→ The task
The answer must be the full data, restated word for word, with no pictures in it.

→ Exercise data
= = = =
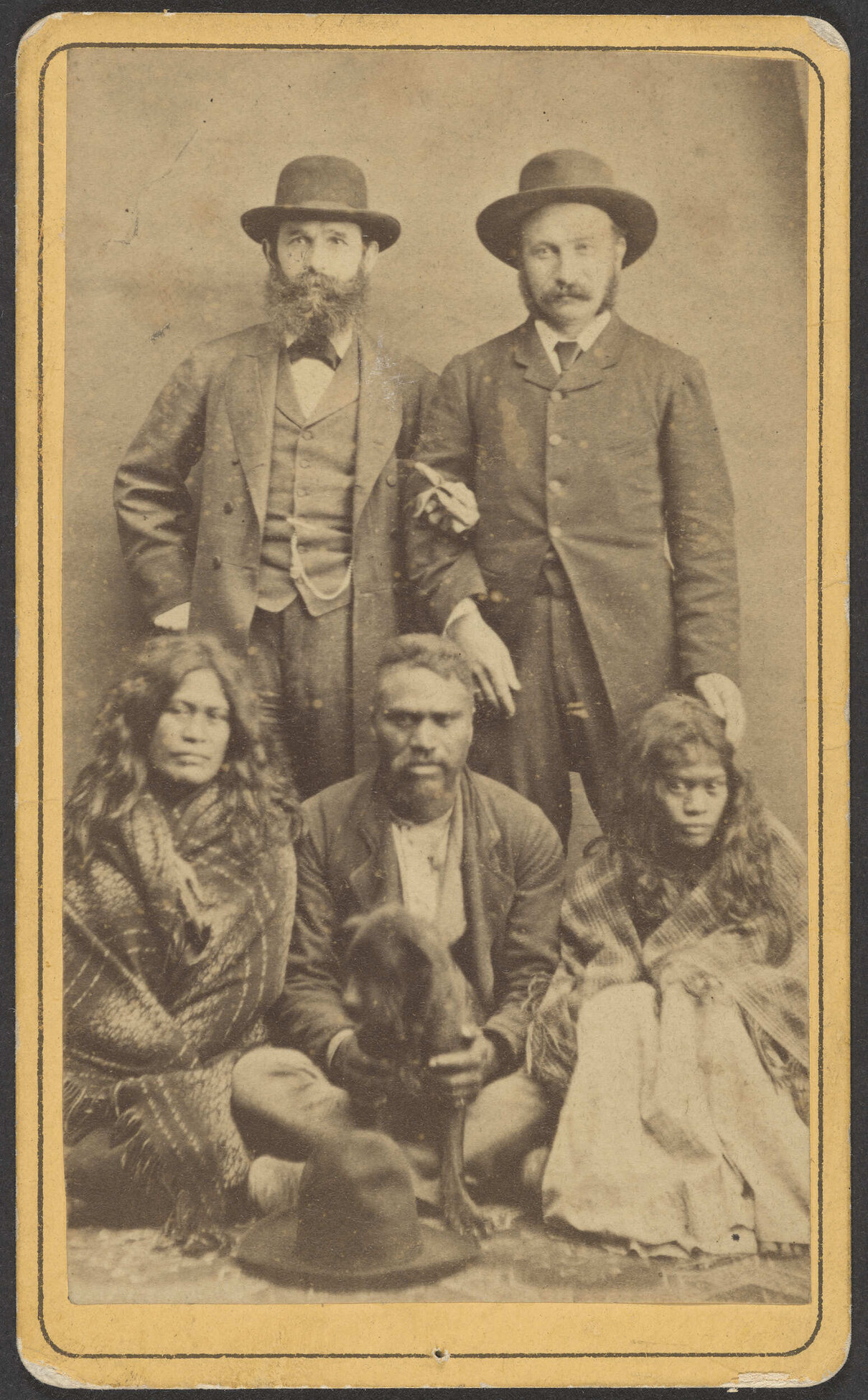 Bendix Hallenstein and Herman Cohen with Paki, Warea, and Ani (relations of Chief Hakopa) and a dog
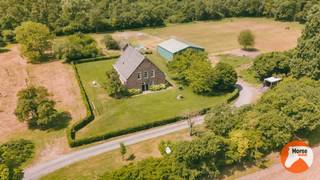 AXEL (NL) - Karaktervolle hoeve op een goede locatie met paardenfaciliteiten<br /><br />Vlak bij de Belgische grens, nabij Stekene, bevindt zich in Axel (Nederland) deze uitzonderlijk rustig gelegen hoeve. Verscholen in een groene omgeving en bereikbaar via een indrukwekkende oprijlaan. Hier geniet u van optimale privacy en een prachtig landelijk decor, terwijl winkels en andere voorzieningen zich toch op korte afstand bevinden.<br /><br />Bij het betreden van de woning wordt u verwelkomd in een statige inkomhal met authentieke vloeren en karaktervolle deuren. Rechts bevindt zich de prachtig ingerichte leefkeuken, die dankzij haar warme uitstraling en praktische indeling het hart van de woning vormt. Aansluitend beschikt de keuken over een handige berging en een kelder.<br /><br />Verder omvat het gelijkvloers een sfeervolle eetkamer die rechtstreeks in verbinding staat met de gezellige leefruimte. Grote raampartijen en mooie zichtlijnen zorgen ervoor dat u vanuit vrijwel iedere ruimte geniet van het omringende groen. Een afzonderlijke bureauruimte maakt het geheel compleet en biedt een ideale plek om in alle rust thuis te werken.<br /><br />Op de eerste verdieping bevindt zich de ruime masterbedroom met eigen dressing en badkamer. Daarnaast zijn er twee kinderkamers, een tweede badkamer, een vierde kamer en een praktische berging. Via een vaste trap bereikt u de royale zolderruimte, die nog tal van mogelijkheden biedt om bijkomend in te richten.<br /><br />Ook buiten weet deze eigendom te overtuigen. De prachtige, ruime tuin sluit naadloos aan bij het landelijke karakter van de hoeve. Het royale stalgebouw is uitgerust met zes paardenstallen, een poetsplaats, een voorraadkamer en voldoende opslagruimte voor hooi, stro en materiaal.<br /><br />Op het terrein bevinden zich bovendien enkele bijkomende gebouwen die, mits renovatie of heropbouw en afhankelijk van de nodige vergunningen, opnieuw voor diverse doeleinden kunnen worden gebruikt.<br /><br />De eigendom beschikt over meerdere volledig omheinde weidepercelen en biedt mooie wandelmogelijkheden in de directe omgeving. Daarnaast is er op wandelafstand de mogelijkheid om gebruik te maken van een rijpiste.<br /><br />Een unieke opportuniteit voor wie droomt van rust, ruimte en comfort, gecombineerd met authentiek karakter en uitstekende mogelijkheden om paarden aan huis te houden. Voor meer informatie of een bezoek, kan u ons steeds contacteren: 053/60.65.66.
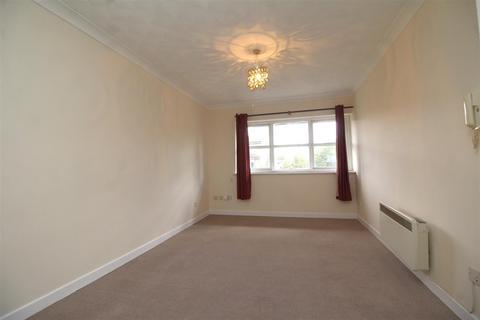 1 bedroom apartment for sale, Herlington House, Orton Malborne, Peterborough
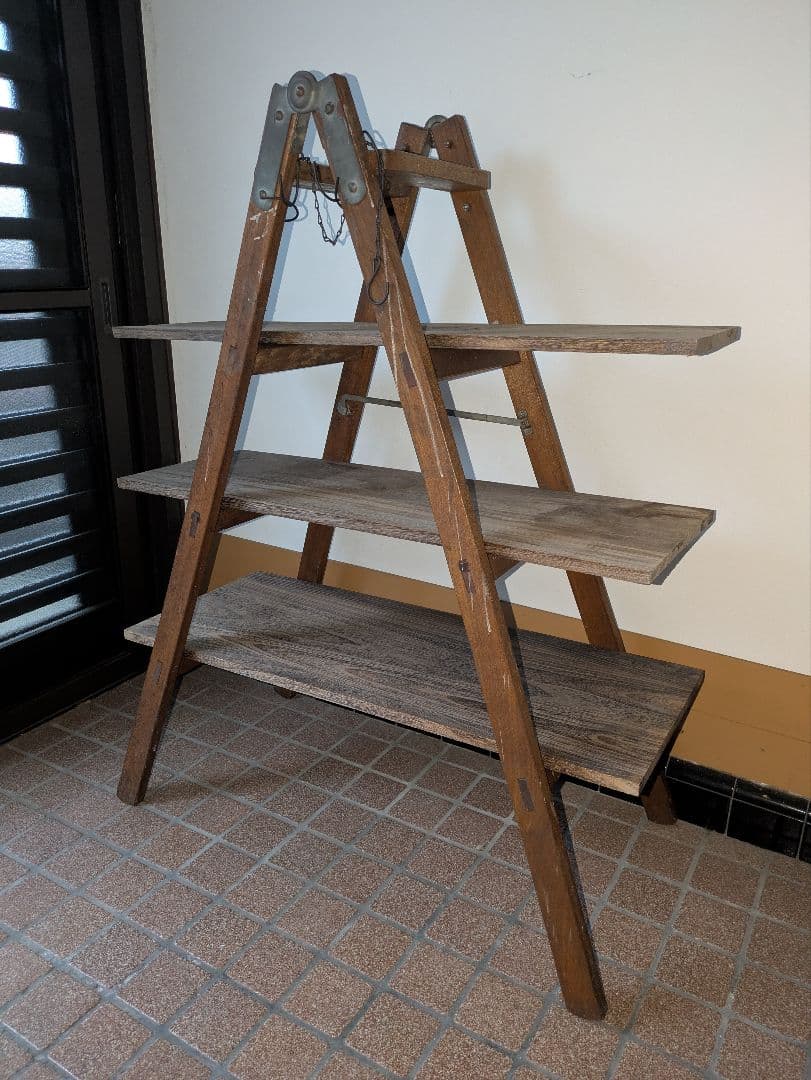 アンティーク ハンドメイド 木製棚 脚立活用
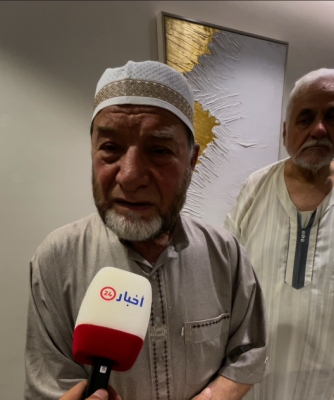 طيار سوري.. من قمرة القيادة إلى بائع طيور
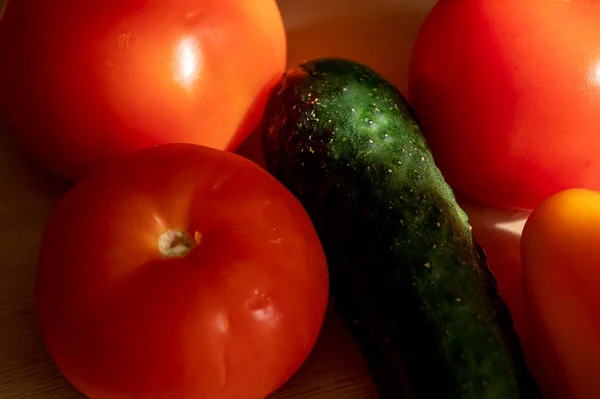 Rijp Komkommer Sappige Tomaten Paprika Een Lichte Houten Tafel Zon — Stockfoto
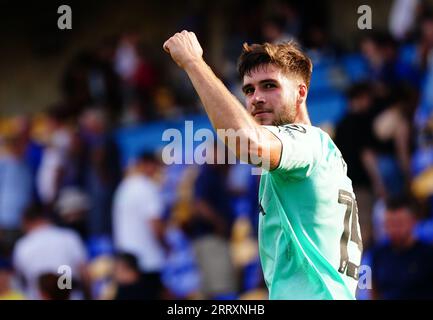 Ethan Pye du comté de Stockport célèbre le match de Sky Bet League Two au Cherry Red Records Stadium de Londres. Date de la photo : Samedi 9 septembre 2023. Banque D'Images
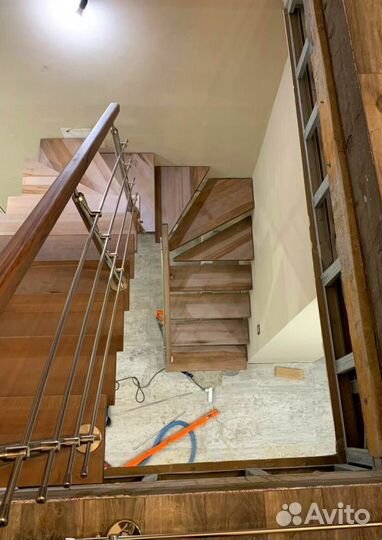 Лестница г-образная на дачу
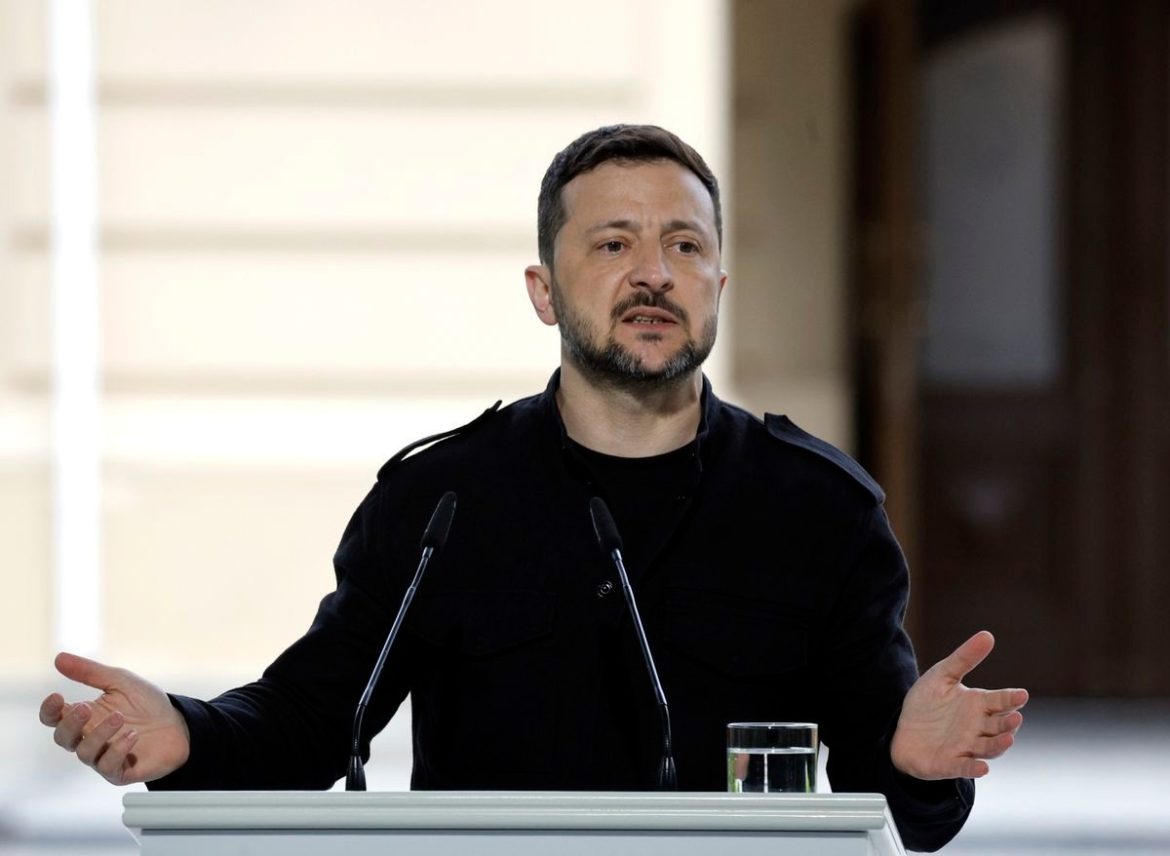 Зелански одобрил ключевой контракт с США. Украина рассчитывает на реконструкцию и новые технологии
    

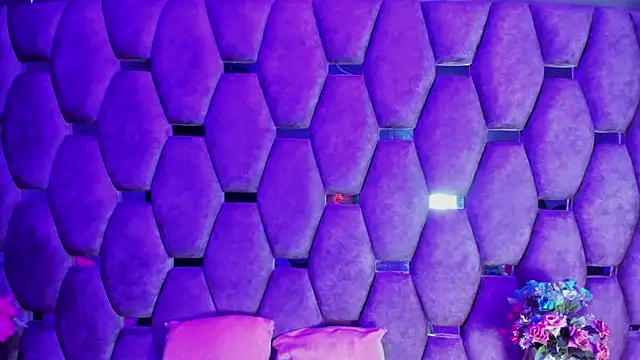 Snapshot of Aurora_18 chatting on December 22, 2025, 2:17 pm Aurora 18 online show from December 22, 2025, 2:17 pm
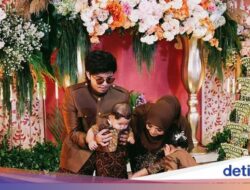 Tedak Siten Azura Anak Atta dan Aurel, Ini Makna Melewati Tujuh Jadah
= = = =
→ The completed task
 Bendix Hallenstein and Herman Cohen with Paki, Warea, and Ani (relations of Chief Hakopa) and a dog
 AXEL (NL) - Karaktervolle hoeve op een goede locatie met paardenfaciliteiten<br /><br />Vlak bij de Belgische grens, nabij Stekene, bevindt zich in Axel (Nederland) deze uitzonderlijk rustig gelegen hoeve. Verscholen in een groene omgeving en bereikbaar via een indrukwekkende oprijlaan. Hier geniet u van optimale privacy en een prachtig landelijk decor, terwijl winkels en andere voorzieningen zich toch op korte afstand bevinden.<br /><br />Bij het betreden van de woning wordt u verwelkomd in een statige inkomhal met authentieke vloeren en karaktervolle deuren. Rechts bevindt zich de prachtig ingerichte leefkeuken, die dankzij haar warme uitstraling en praktische indeling het hart van de woning vormt. Aansluitend beschikt de keuken over een handige berging en een kelder.<br /><br />Verder omvat het gelijkvloers een sfeervolle eetkamer die rechtstreeks in verbinding staat met de gezellige leefruimte. Grote raampartijen en mooie zichtlijnen zorgen ervoor dat u vanuit vrijwel iedere ruimte geniet van het omringende groen. Een afzonderlijke bureauruimte maakt het geheel compleet en biedt een ideale plek om in alle rust thuis te werken.<br /><br />Op de eerste verdieping bevindt zich de ruime masterbedroom met eigen dressing en badkamer. Daarnaast zijn er twee kinderkamers, een tweede badkamer, een vierde kamer en een praktische berging. Via een vaste trap bereikt u de royale zolderruimte, die nog tal van mogelijkheden biedt om bijkomend in te richten.<br /><br />Ook buiten weet deze eigendom te overtuigen. De prachtige, ruime tuin sluit naadloos aan bij het landelijke karakter van de hoeve. Het royale stalgebouw is uitgerust met zes paardenstallen, een poetsplaats, een voorraadkamer en voldoende opslagruimte voor hooi, stro en materiaal.<br /><br />Op het terrein bevinden zich bovendien enkele bijkomende gebouwen die, mits renovatie of heropbouw en afhankelijk van de nodige vergunningen, opnieuw voor diverse doeleinden kunnen worden gebruikt.<br /><br />De eigendom beschikt over meerdere volledig omheinde weidepercelen en biedt mooie wandelmogelijkheden in de directe omgeving. Daarnaast is er op wandelafstand de mogelijkheid om gebruik te maken van een rijpiste.<br /><br />Een unieke opportuniteit voor wie droomt van rust, ruimte en comfort, gecombineerd met authentiek karakter en uitstekende mogelijkheden om paarden aan huis te houden. Voor meer informatie of een bezoek, kan u ons steeds contacteren: 053/60.65.66.
 1 bedroom apartment for sale, Herlington House, Orton Malborne, Peterborough
 アンティーク ハンドメイド 木製棚 脚立活用
 طيار سوري.. من قمرة القيادة إلى بائع طيور
 Rijp Komkommer Sappige Tomaten Paprika Een Lichte Houten Tafel Zon — Stockfoto
 Ethan Pye du comté de Stockport célèbre le match de Sky Bet League Two au Cherry Red Records Stadium de Londres. Date de la photo : Samedi 9 septembre 2023. Banque D'Images
 Лестница г-образная на дачу
 Зелански одобрил ключевой контракт с США. Украина рассчитывает на реконструкцию и новые технологии
    

 Snapshot of Aurora_18 chatting on December 22, 2025, 2:17 pm Aurora 18 online show from December 22, 2025, 2:17 pm
 Tedak Siten Azura Anak Atta dan Aurel, Ini Makna Melewati Tujuh Jadah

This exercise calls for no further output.